Try it: For this exercise, write out the whole listing below exactly, omitting its images.

Provided material:
----
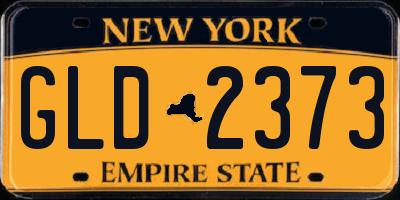 NY license plate GLD2373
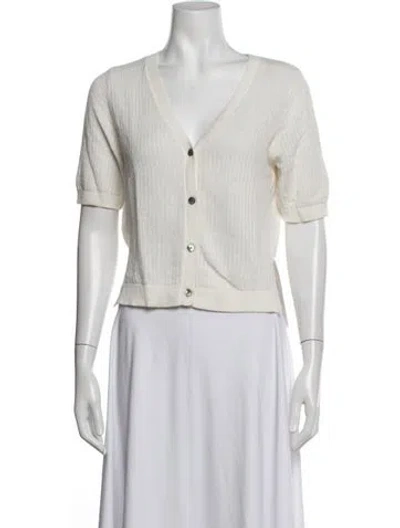 Pre-owned Demylee V-neck Sweater In White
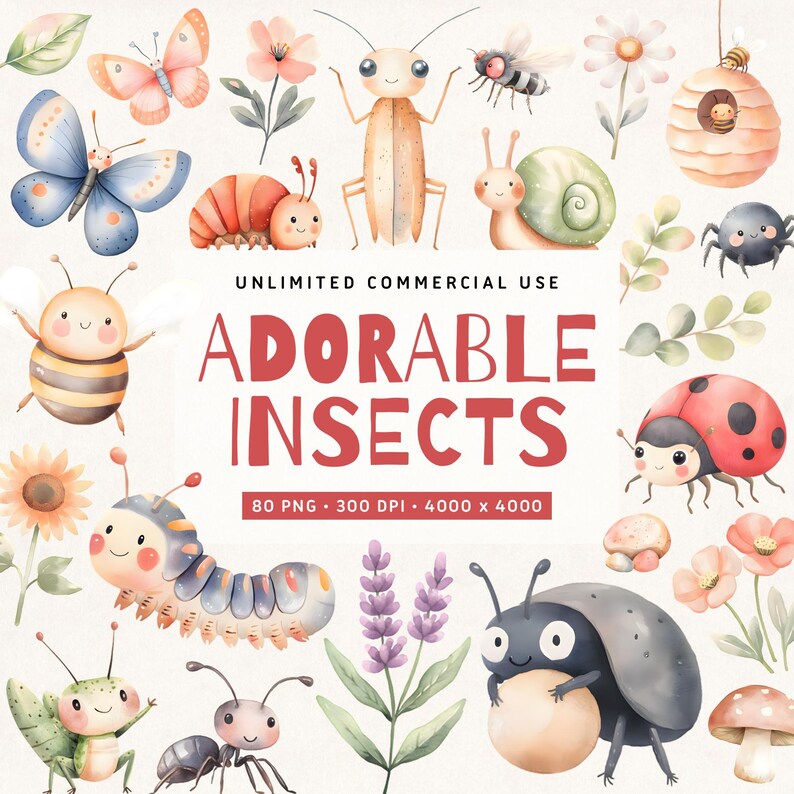 Watercolor Adorable Insects Clipart, Cute Little Bugs, Spring Garden ...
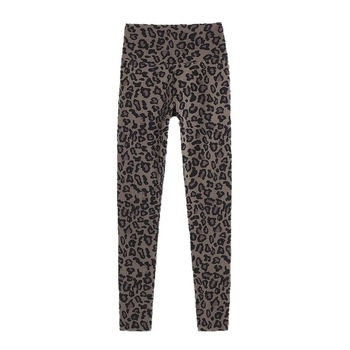 Ženske legice s leopard printom, pogodne za nošenje kao vanjska odjeća, visokim strukom, fleece podstava, joga hlače za kontrolu trbuha i podizanje stražnjice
----
Written response:
 NY license plate GLD2373
 Pre-owned Demylee V-neck Sweater In White
 Watercolor Adorable Insects Clipart, Cute Little Bugs, Spring Garden ...
 Ženske legice s leopard printom, pogodne za nošenje kao vanjska odjeća, visokim strukom, fleece podstava, joga hlače za kontrolu trbuha i podizanje stražnjice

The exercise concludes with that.